それでは、これらの研究者が「環境や条件によって、有効な組織の在り方が異なる」という考えを提唱した背景について見ていきましょう。
「コンティンジェンシー理論」以前のリーダーシップ論
コンティンジェンシー理論が生まれた背景として、まずはそれ以前のリーダーシップ論を二つご紹介します。
リーダーシップ資質論(~1940年代)
リーダーシップ資質論は、古典的なリーダーシップ論の一つであり、1940年代頃まで主流とされていた理論です。
「リーダーは作られるものではなく、生まれながら持つ資質である」という考え方で、優れた才能のある人こそがリーダーと成り得るとされていました。

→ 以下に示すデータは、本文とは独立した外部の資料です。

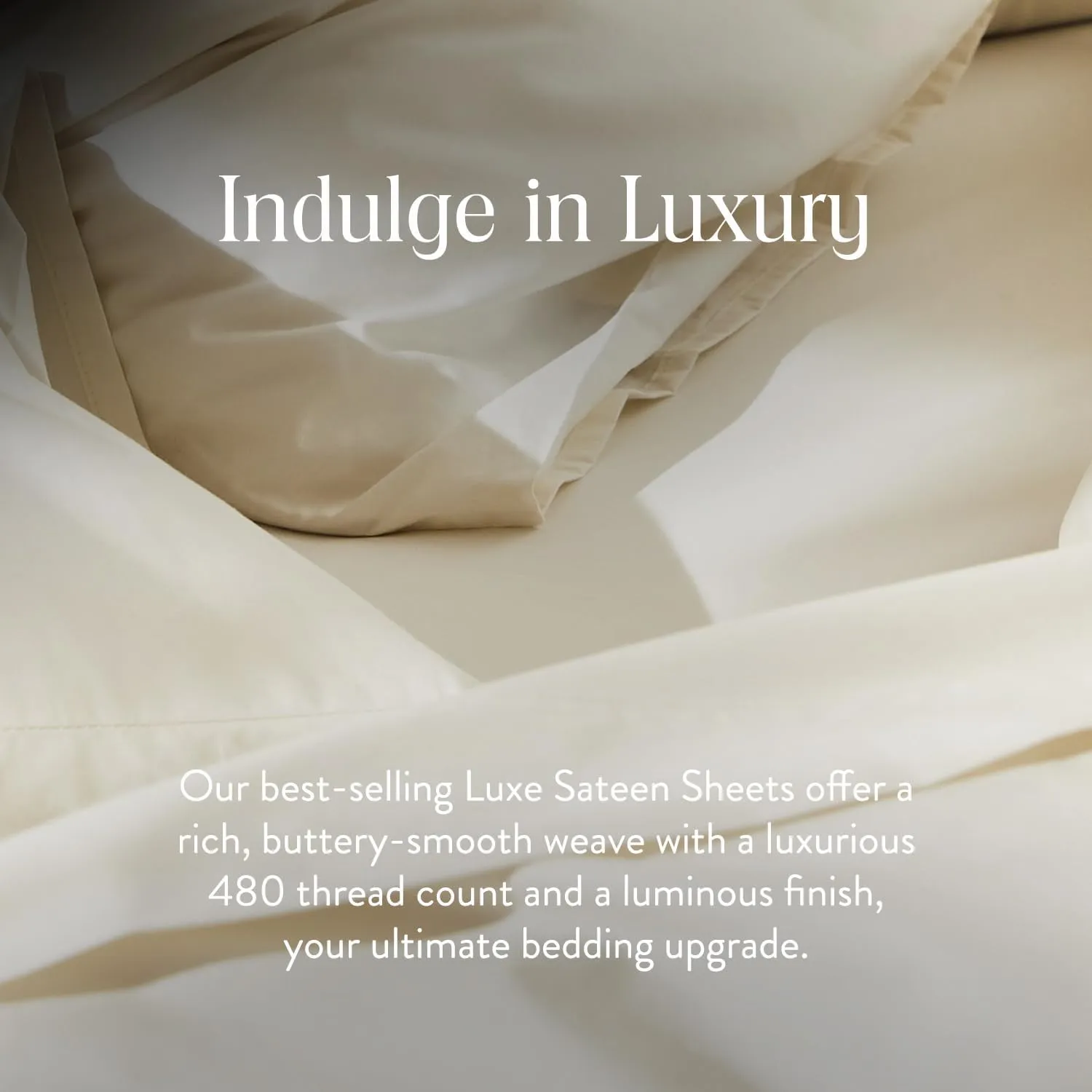 Brooklinen Luxury Sateen 4 Piece King Size Sheets Set in Cream - 100% Cotton Sateen Sheets - 1 Fitted Sheet, 1 Flat Sheet, 2 Pillowcases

古くはプラトンの「国家論」においても「英知を持ったリーダーが国を治めよ」と唱えられています。
リーダーシップ行動論(1940年代~1960年代)
リーダーシップ行動論は、1940年代頃から提唱されたリーダーシップ論です。
それ以前のリーダーシップ資質論とは反対に、「リーダーとは行動によって作られるものである」という考え方に基づいています。

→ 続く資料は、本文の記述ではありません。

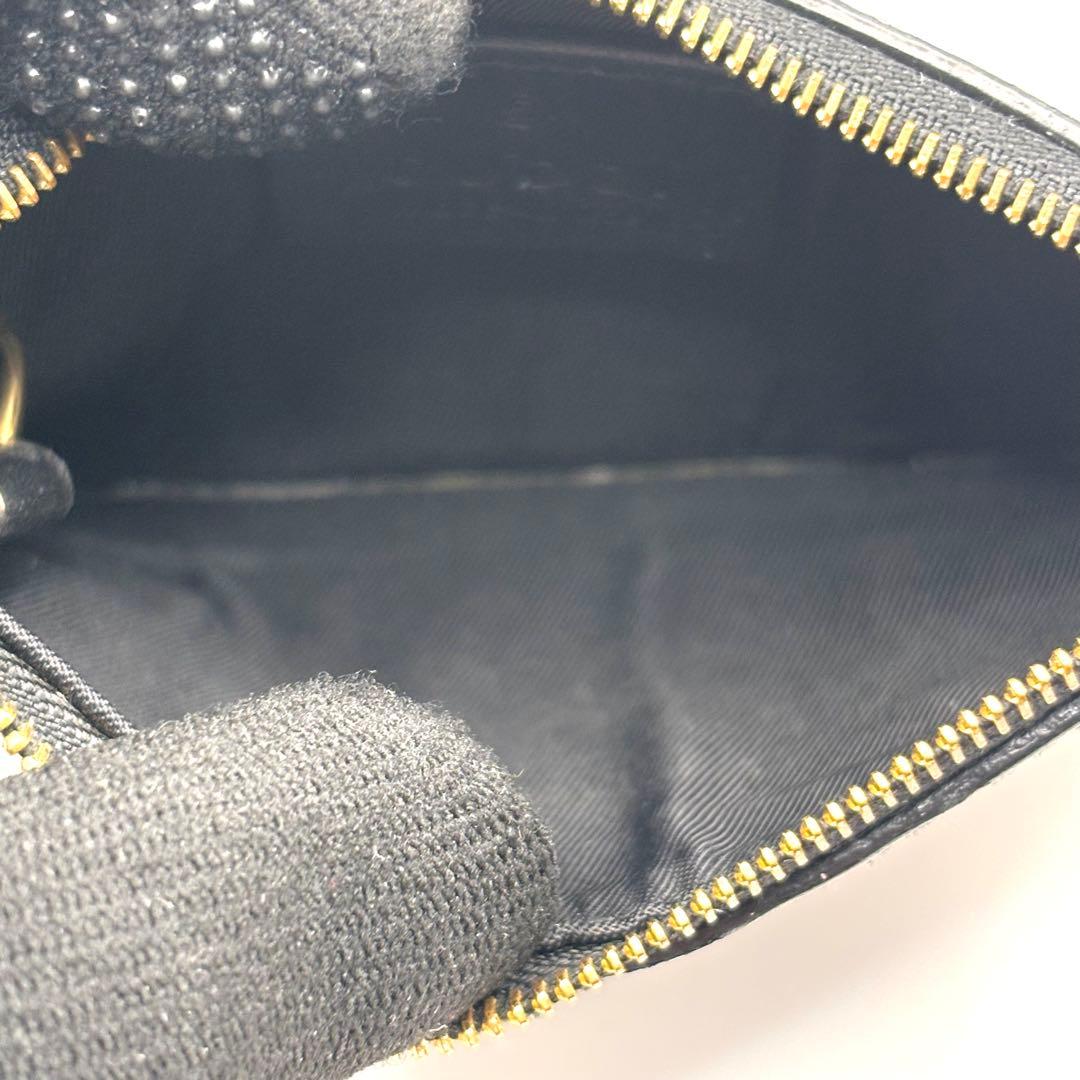 グッチ ケース シマ レザー キーチェーン フック ブラック 小物入れ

「機能論」または「職能論」とも言われ、訓練によって組織を導くための行動を身につけた人がリーダーになるとされました。
組織力を向上させるには、実際に課題を達成する機能(Task)と、人間関係に配慮し、集団を維持する機能(Relation)が必要であるという考え方です。
時代の変化とリーダーシップ論
1960年代になると、技術の発展やニーズの多様化により、企業などの組織においては生産や販売のプロセスがより複雑化していきました。また、企業の多国籍化に伴って、その事業は広範囲な地域にまたがり、より複雑な経済的・文化的条件の下で営まれるようになっていました。

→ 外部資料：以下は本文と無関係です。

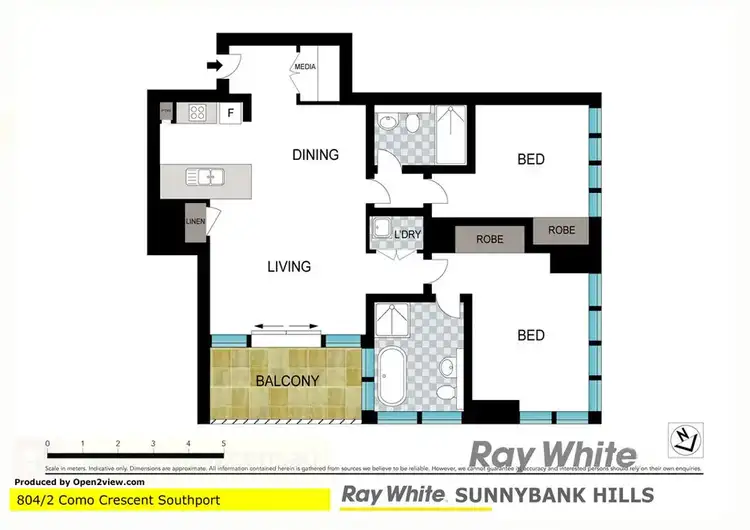 Floorplan of Homely apartment listing, 804/2 Como Crescent, Southport QLD 4215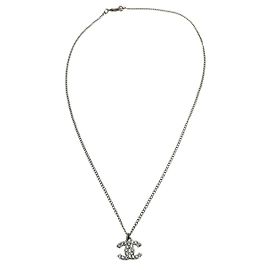 Pendente Chanel Vintage CC in metallo con cristalli Large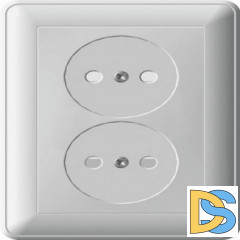 Розетка 2-ая электрическая без заземления, Матовый хром, серия Wessen 59, Schneider Electric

そのように多様で複雑な環境では、あらゆる状況に有効な「唯一最適なリーダーシップ・スタイル」を求めていた従来のリーダーシップ論では対応できなくなってきたのです。
多様化の時代に対応すべく、リーダーシップ論においても様々な異なる条件の下での研究が行われるようになり、その中で生まれたのが「コンティンジェンシー理論」です。
それでは、どのような研究が行われてきたか、代表的な事例を三つご紹介します。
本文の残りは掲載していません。